I guess moving forward I'll have to do this...
<meta name="robots" content="noindex, nofollow" />
<meta name="robots" content="noarchive" />
You're probably wondering why I even have the noarchive there with the noindex, nofollow? It's more of a fail safe to keep the page from being cached in case something goes wrong. Heh! It worked in this instance. I have a top ten position for a product name that I was attempting to avoid. ;)
I'm going to give it another 48-72 hours before breaking them into two. I'd like to see some more input on this. I would think that one element is all that is needed.
There shouldn't be a need for a noarchive directive along with a noindex directive. If the page isn't indexed, it shouldn't be listed in the serps at all.
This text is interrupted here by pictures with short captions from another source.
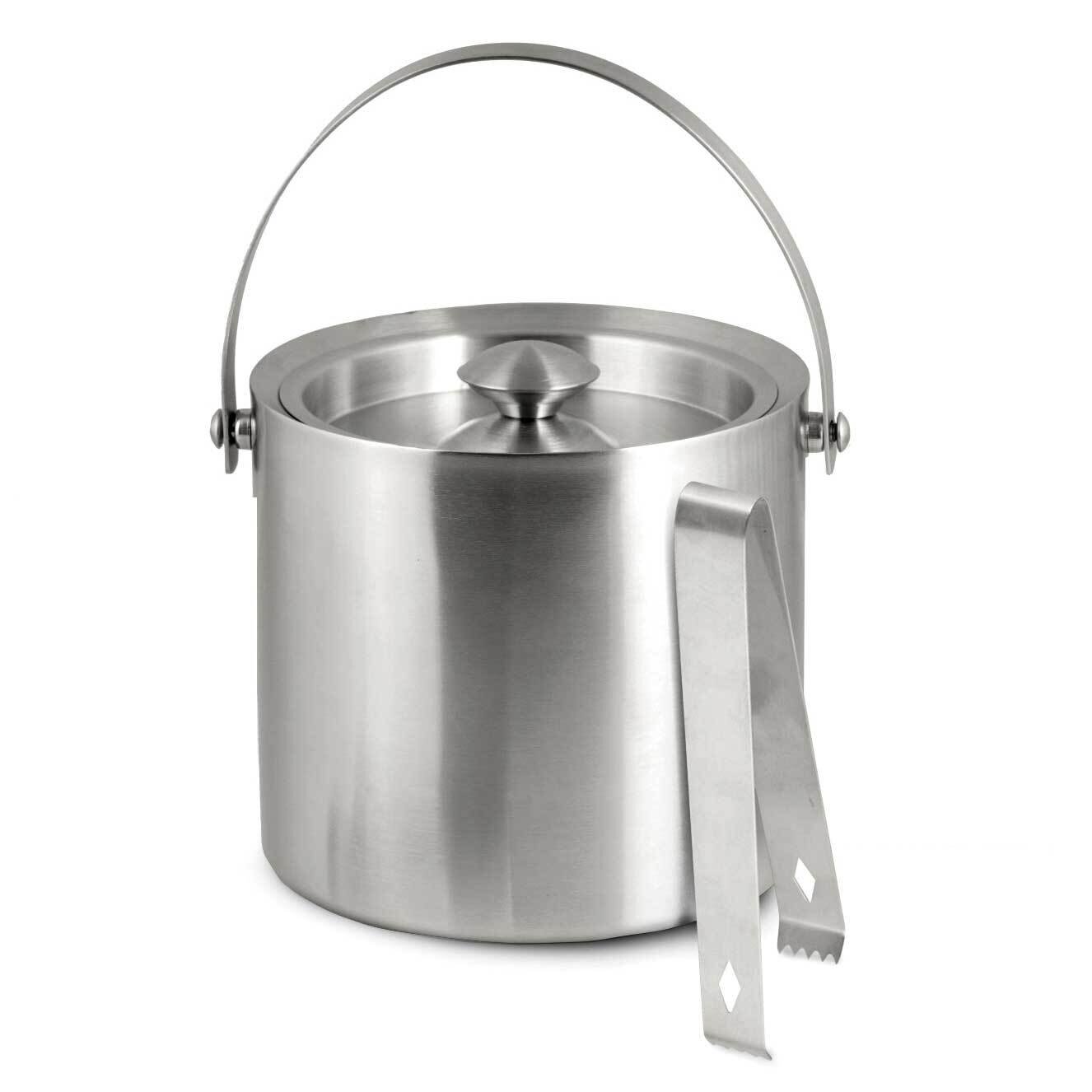 Stainless Steel 5 qt Double Wall Ice Bucket with Lid and Tongs GM21597, MPN: GM21597, 797140519584
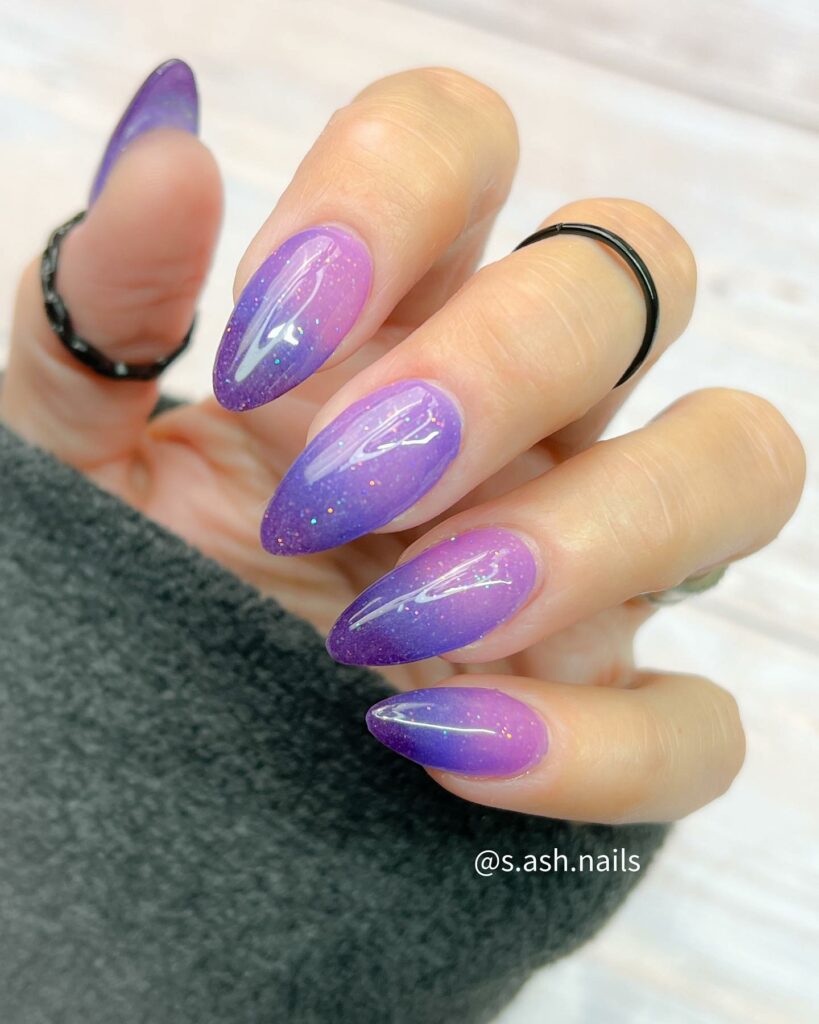 Glitter Purple Ombre Nails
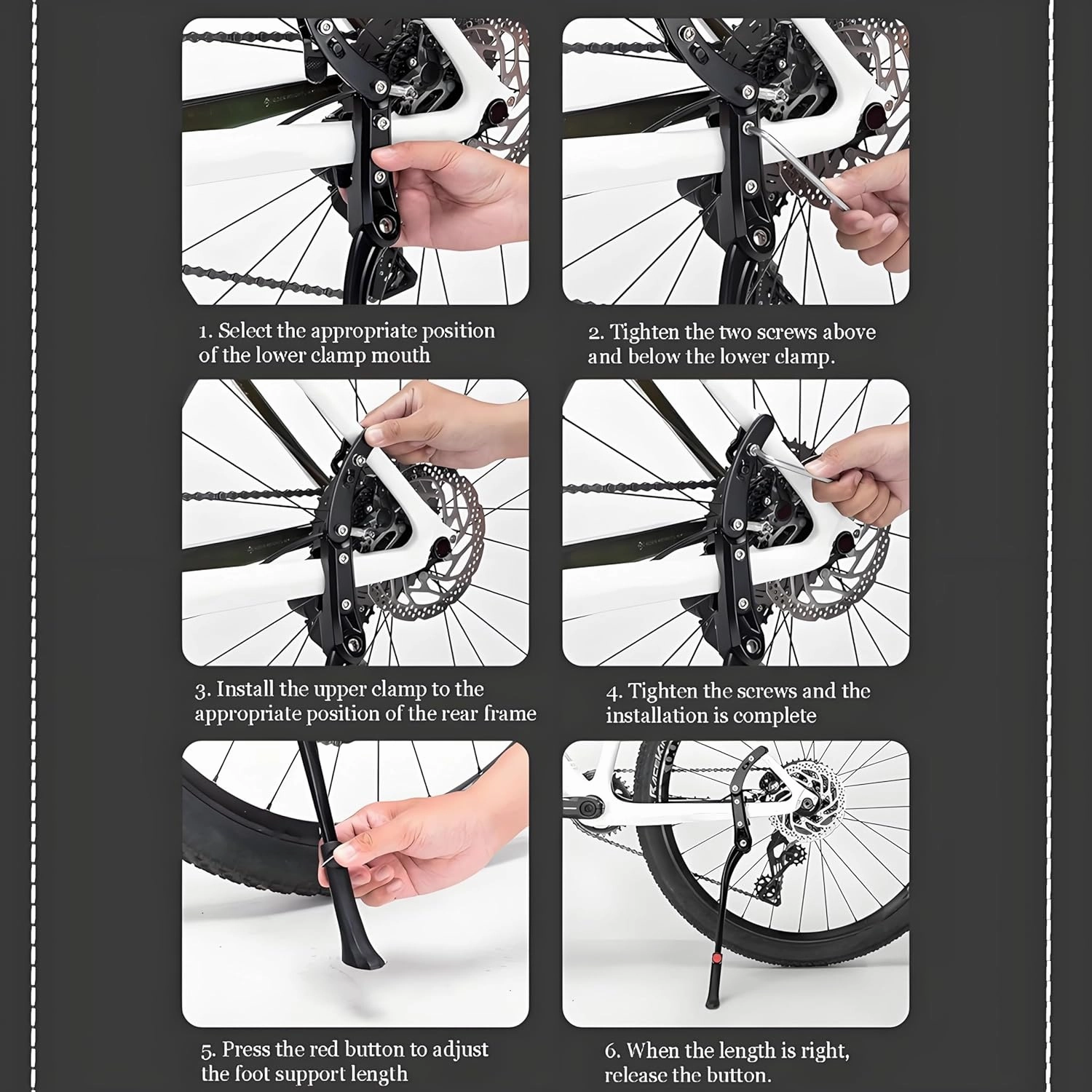 Bike Kickstand for Orbea Avant Avant H Avant M20 Carpe Comfort 28 Dude 10 Gain, Adjustable Kickstand Foot Side Stand Support, Aluminum Rear Side Bicycle Stand for Bike with Non-Slip Rubber Foot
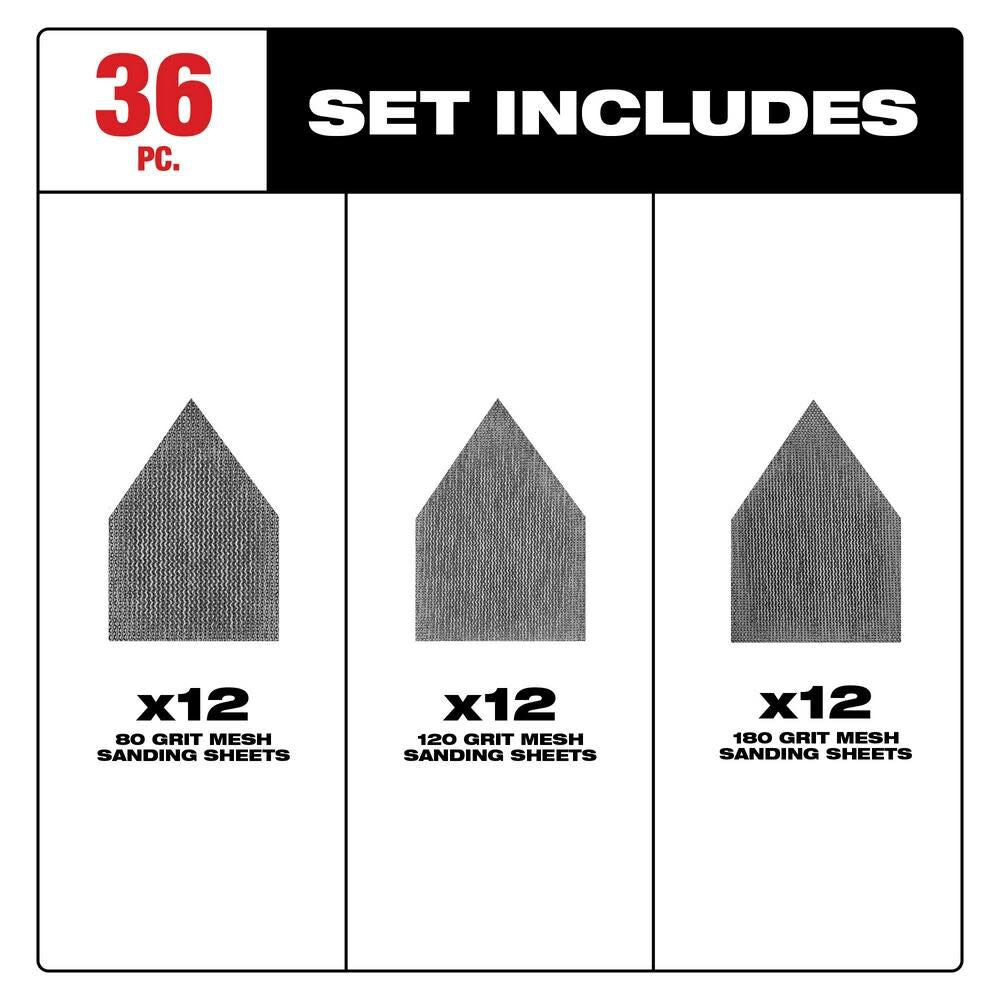 Assorted 80 120 & 180 Grit Mesh Sanding Sheets for M12 Orbital Detail Sander 36pk 48-80-5406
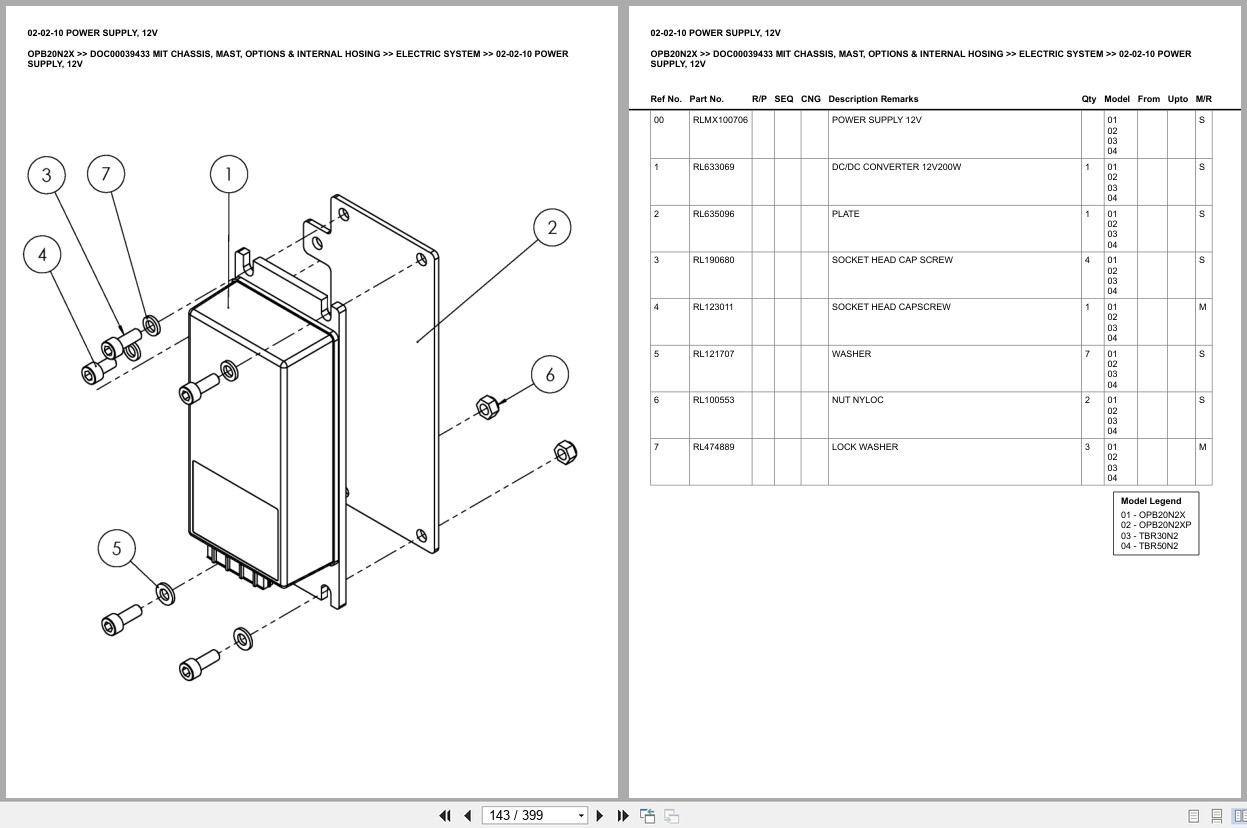Mitsubishi Forklift OPB20N2X Chassis Mast Options Internal Hosing Europe Parts Catalog DOC00039433 (2)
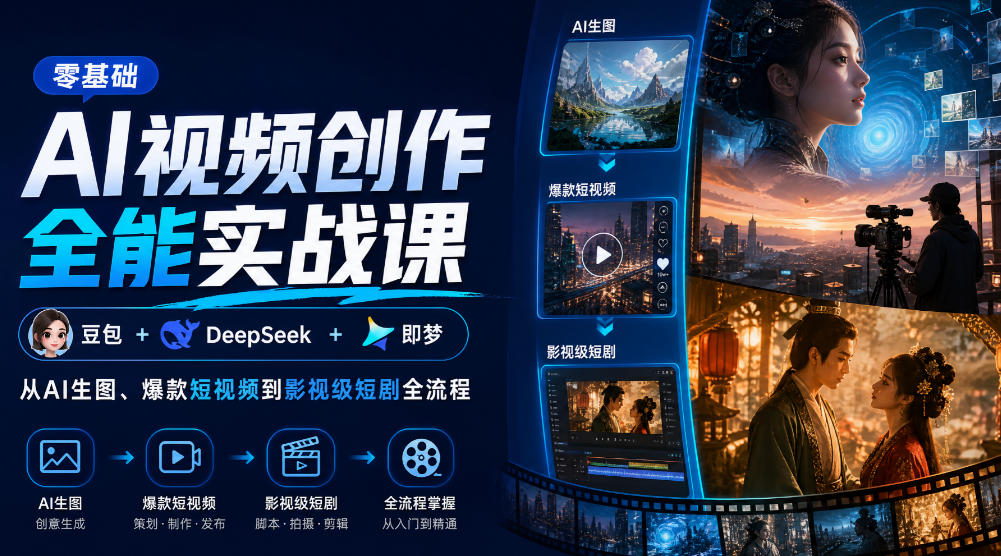 零基础AI视频创作全能实战课｜豆包+DeepSeek+即梦，从AI生图、爆款短视频到影视级短剧全流程-离锋创库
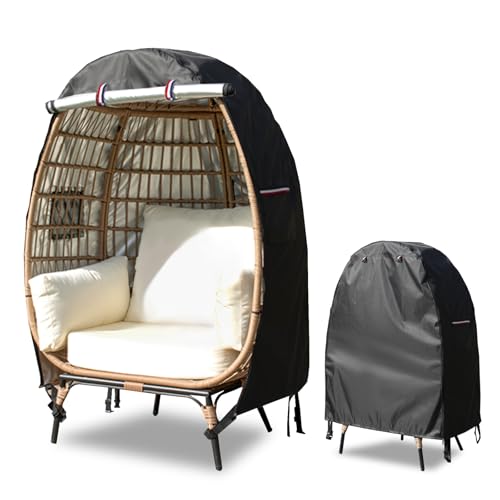 okcool Outdoor Egg Chair CoverWaterproof Egg Chair Cover with Zipper for Wicker Patio Basket ChairBlackFits 43 L 25 W551 H Egg Chair - Image 1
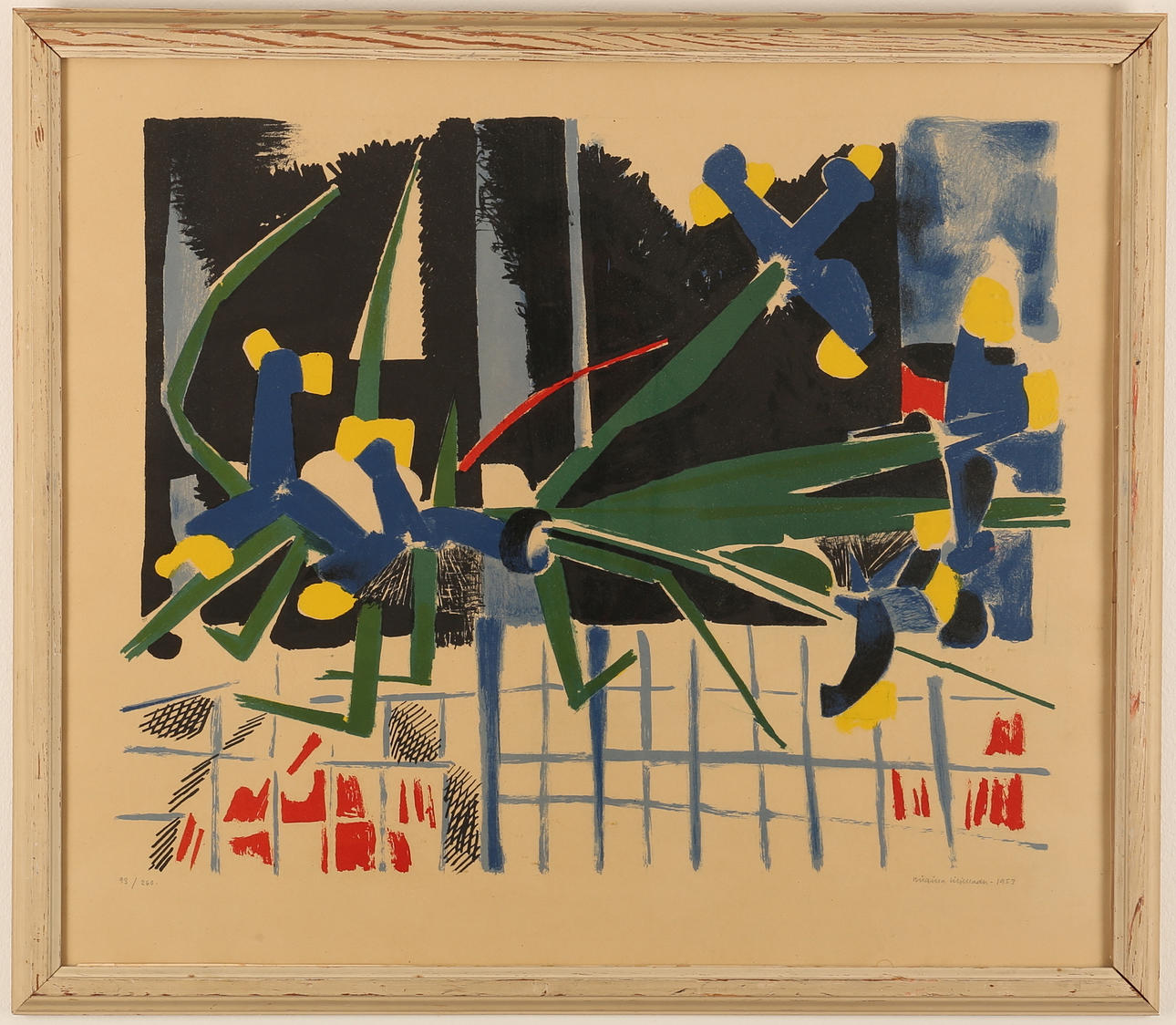 BIRGITTA LILJEBLADH. Färglitografi, abstrakt, signerad 1953 och numrerad 93/260.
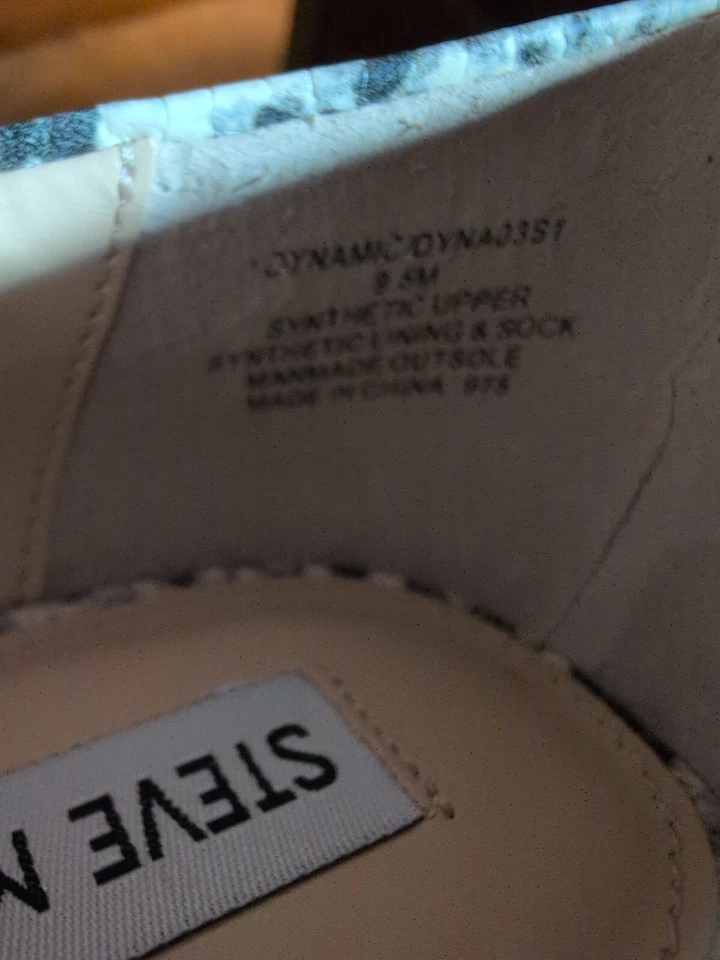 Salto Steve Madden 9,5 M sintético pele de cobra salto 6 polegadas novo - Imagem 3 de 4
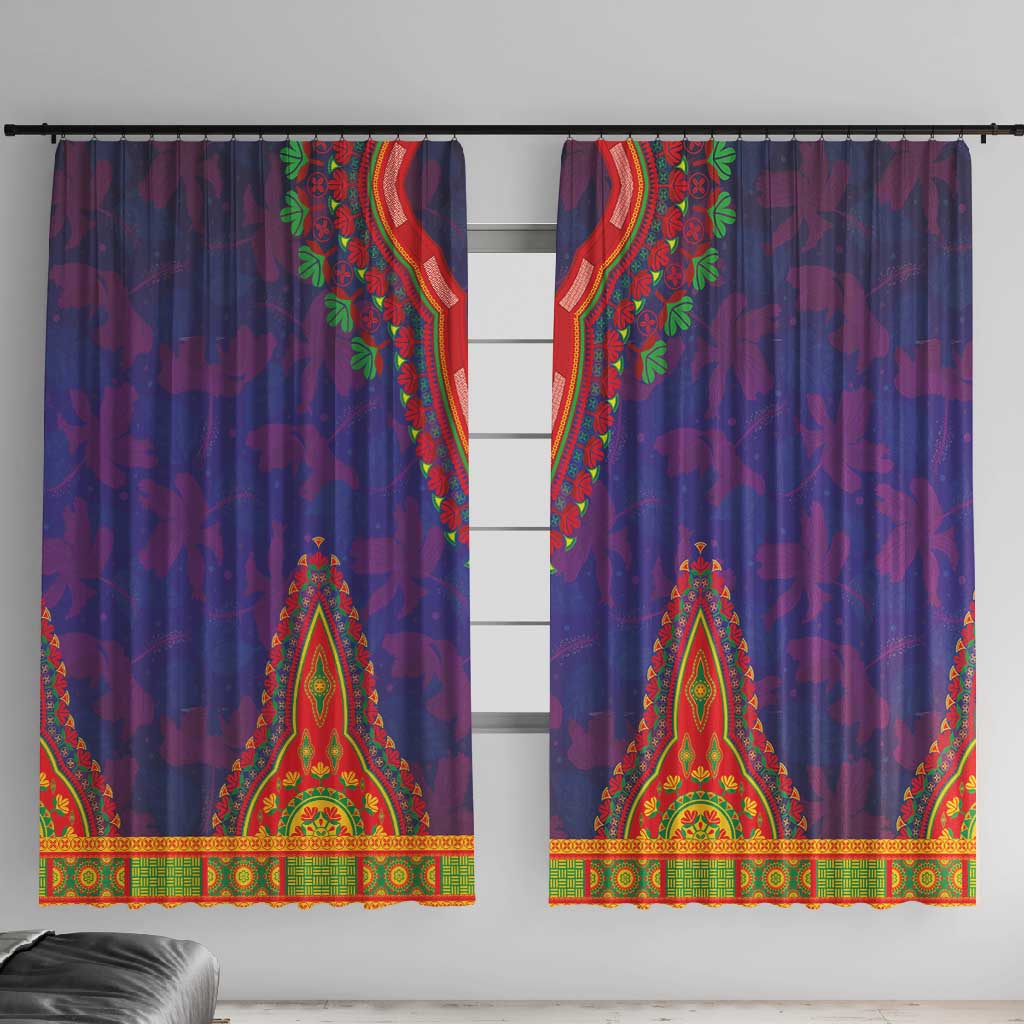 Haiti Window Curtain Choeblack Dashiki Style Blue Color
In fact, I wouldn't even think of noarchive as a robots.txt directive. It's just a legal umbrella used by certain search engines to offer them some protections from lawsuits over copyright violations. Consider it as an option for pages you do want indexed.
|I would think that one element is all that is needed |
Ideally that would be robots="none" wouldn't it?
Unfortunately the search engines all seem to do things differently.
Agreeing that "noindex" means what it says would be a start.
But they hate taking no for an answer.